Target audience - who may benefit from the tutorial

This tutorial aims to translate expert knowledge from survey methodology that is typically applied in social science research to a broader interdisciplinary community, especially to those researchers who work with behavioral data collected from digital sources. We expect this tutorial to be of interest for participants from a variety of disciplinary backgrounds (e.g. computer science, information science, linguistics, sociology, psychology, political science, demography), particularly those who are interested in leveraging novel forms of digital traces for drawing inferences in areas such as public opinion, healthcare or public policy.

Prerquisites for attending?

Browse preliminary literature:

Groves, R. M., & Lyberg, L. (2010). Total survey error: Past, present, and future. Public opinion quarterly, 74(5), 849-879.
Sen, I., Flöck, F., Weller, K., Weiss, B., & Wagner, C. (2019). A Total Error Framework for Digital Traces of Humans. arXiv preprint arXiv:1907.08228.
Optional: Olteanu, A., Castillo, C., Diaz, F., & Kiciman, E. (2019). Social data: Biases, methodological pitfalls, and ethical boundaries. Frontiers in Big Data, 2, 13.

Planned Timeline

Introduction and Notation: Surveys and Digital Traces (10 minutes)
The Total Survey Error Framework (20 minutes)
An Error Framework for Digital Traces of Humans (30 minutes)
Applying the Framework: Case Studies and Examples (20 minutes)
Discussion and Questions (10 minutes)

Tutorial prepared by (presenters in bold):

Indira Sen is a doctoral candidate in Computational Social Science at GESIS, Leibniz Institute for the Social Sciences in Cologne, Germany. She is interested in understanding biases in inferential studies from digital traces, with a focus on natural language processing.

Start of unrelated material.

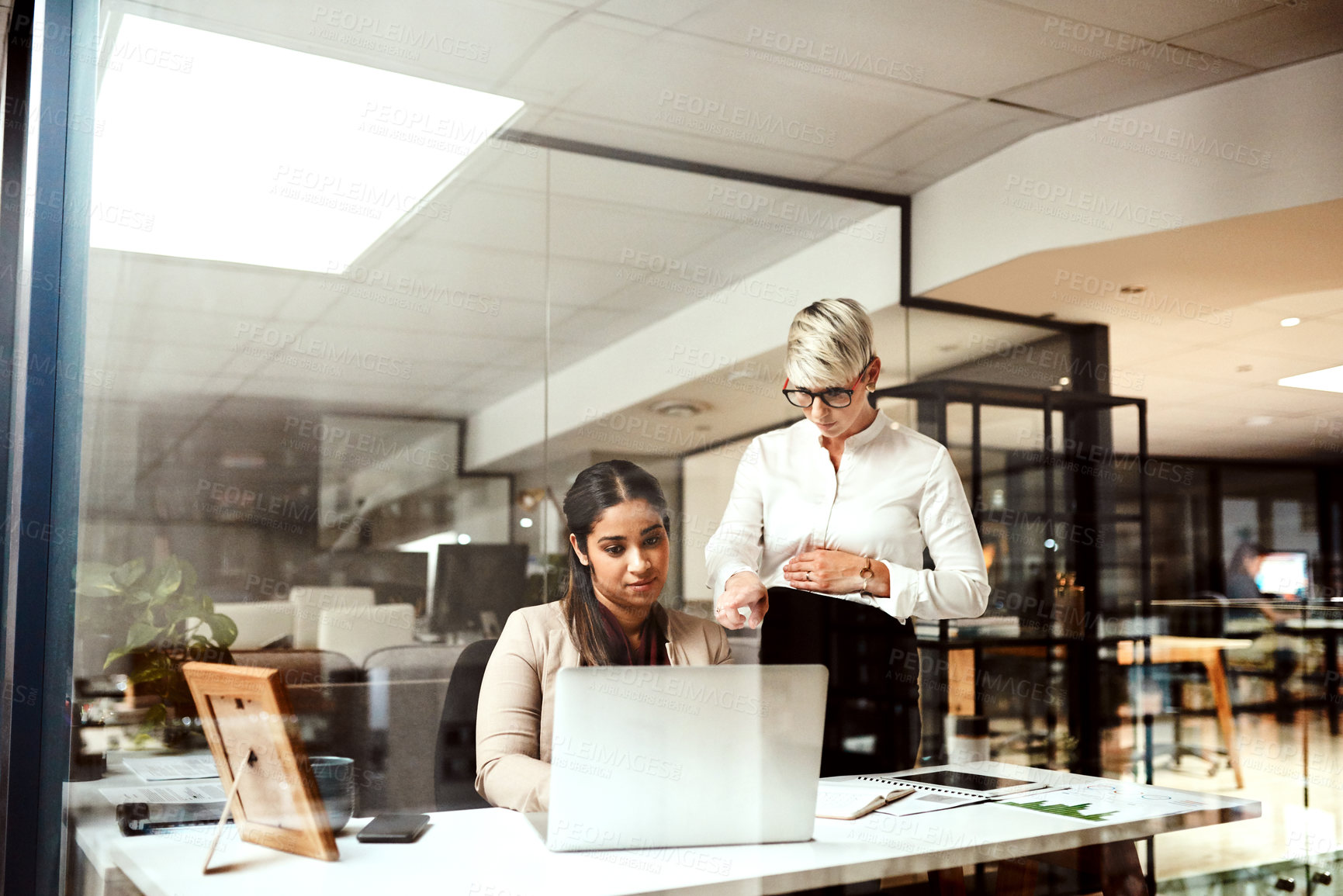 Buy stock photo Shot of two businesswomen working together on a laptop in an office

Dr. Fabian Flöck is a post-doctoral researcher at the Computational Social Science department at GESIS and team leader of the ‘Data Science’ team. He is interested in open and transparent data science, natural language processing, human computation, and collaborative production processes.

Dr. Katrin Weller is an information scientist working at the Computational Social Science department at GESIS and team leader of “Social Analytics and Services”. Her research focus is on social media, new types of research data and data preservation, scholarly communication & altmetrics, web users and communication structures.

Dr. Bernd Weiß is head of the GESIS Panel, a probability-based mixed mode panel, and deputy head of the department Survey Design and Methodology at GESIS, Mannheim. His research interests focus on methods of empirical research in the social sciences (especially, survey methodology, and research synthesis).

JProf. Dr. Claudia Wagner is an assistant professor in Computer Science at University Koblenz-Landau and the interim Scientific Director of the Computational Social Science department at GESIS. Her research focuses on methodological challenges that arise when using digital trace data to build models of human behavior and attitudes and the impact of the digitalization on society and science.